Derrière la polémique, les réformes avancent au Congrès

La polémique a été déclenchée par la demande du Premier ministre, Sébastien Lecornu, invitant le Congrès de la Nouvelle-Calédonie à rendre un avis consultatif sur le décret de convocation des électeurs ainsi que sur la loi organique ajustant la LESP. Une initiative qui a suscité des réactions, mais qui ne doit pas masquer une réalité essentielle : les institutions calédoniennes poursuivent leur travail dans le respect du calendrier démocratique.
Une réforme du fonctionnement interne au cœur des débats
Dès le lundi 11 mai 2026, la commission spéciale chargée de la refonte du règlement intérieur se réunira dans la grande salle des commissions. À l’ordre du jour : un chantier central pour le bon fonctionnement démocratique, à savoir la modernisation des règles internes du Congrès.
Les élus examineront pas moins de 30 amendements et 8 sous-amendements, preuve d’un travail approfondi engagé depuis plusieurs années autour de la délibération historique de 1999. Cette réforme vise à adapter les institutions aux exigences contemporaines de transparence et d’efficacité.
Dans le même temps, plusieurs propositions portées notamment par Veylma Falaeo, Virginie Ruffenach et Philippe Dunoyer viendront renforcer le cadre institutionnel. Il est question de protéger les conseillers, de clarifier la procédure d’amendement et surtout d’imposer la présence du gouvernement lors des travaux du Congrès.
Un signal fort : la démocratie ne peut fonctionner sans responsabilité ni engagement des exécutifs.
Pêche, souveraineté économique et contrôle des ressources
Le mardi 12 mai, la commission de l’agriculture et de la pêche abordera un autre sujet stratégique : la maîtrise des ressources maritimes de la Nouvelle-Calédonie.
Trois textes majeurs seront étudiés, dont un projet de loi du pays encadrant la pêche dans l’espace maritime. Derrière cet encadrement se cache un enjeu clé : protéger les ressources tout en garantissant une exploitation économique durable et souveraine.
Le Congrès examinera également un dispositif visant à homologuer des peines d’emprisonnement, signe d’un durcissement assumé face aux infractions. Une orientation claire : faire respecter la loi et mettre fin à toute forme de laxisme.
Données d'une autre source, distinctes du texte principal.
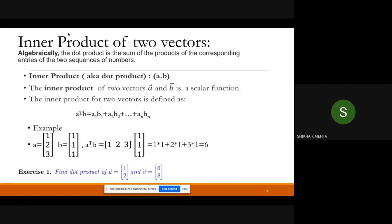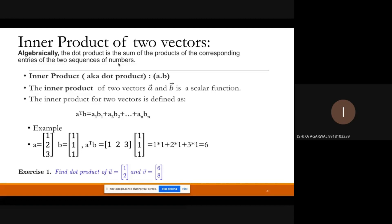Now, what is the dot product of the vectors given in this example? We multiply 1×6 + 2×8, giving 6 + 16 = 22. Correct.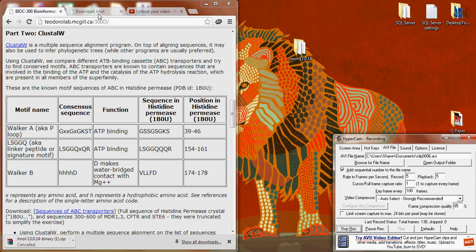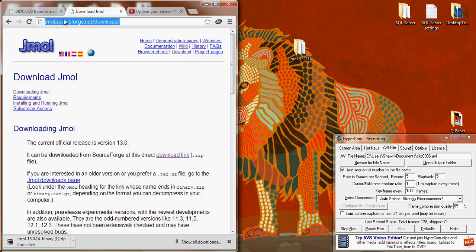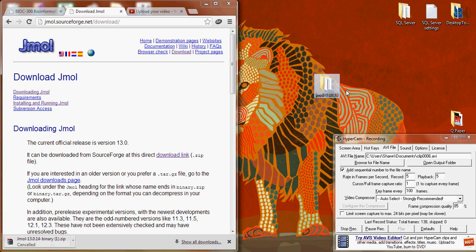You can go to jmol.sourceforge.net/download. From this you can follow the download link and download the zip file, which if you unpack that onto your desktop will give you the following folder.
Enfin, le schéma directeur de la pêche hauturière sera soumis à approbation. Il s’agit d’un document structurant pour l’avenir du secteur, dans un contexte où la compétition régionale s’intensifie.
Ici encore, le message est limpide : la Nouvelle-Calédonie doit défendre ses intérêts économiques sans naïveté.
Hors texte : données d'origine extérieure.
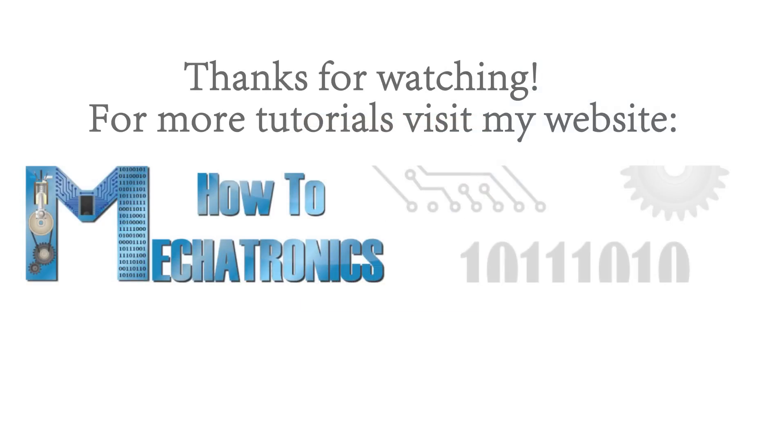Thanks for watching and for more tutorials visit my official website howtomechatronics.com. I'll see you next time.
Frais des élus, énergie et retraites : les dossiers sensibles
Le mercredi 13 mai concentrera les décisions les plus sensibles. Une réunion conjointe abordera notamment la prise en charge des frais de déplacement des membres du Congrès en mission officielle hors du territoire.
Un sujet souvent critiqué, mais qui pose une question simple : comment représenter efficacement la Nouvelle-Calédonie sans moyens adaptés ?
Dans l’après-midi, la commission permanente examinera plusieurs textes structurants. Parmi eux figure un avenant au programme européen d’appui budgétaire à la transition énergétique. Une décision importante pour un territoire confronté à des défis énergétiques majeurs.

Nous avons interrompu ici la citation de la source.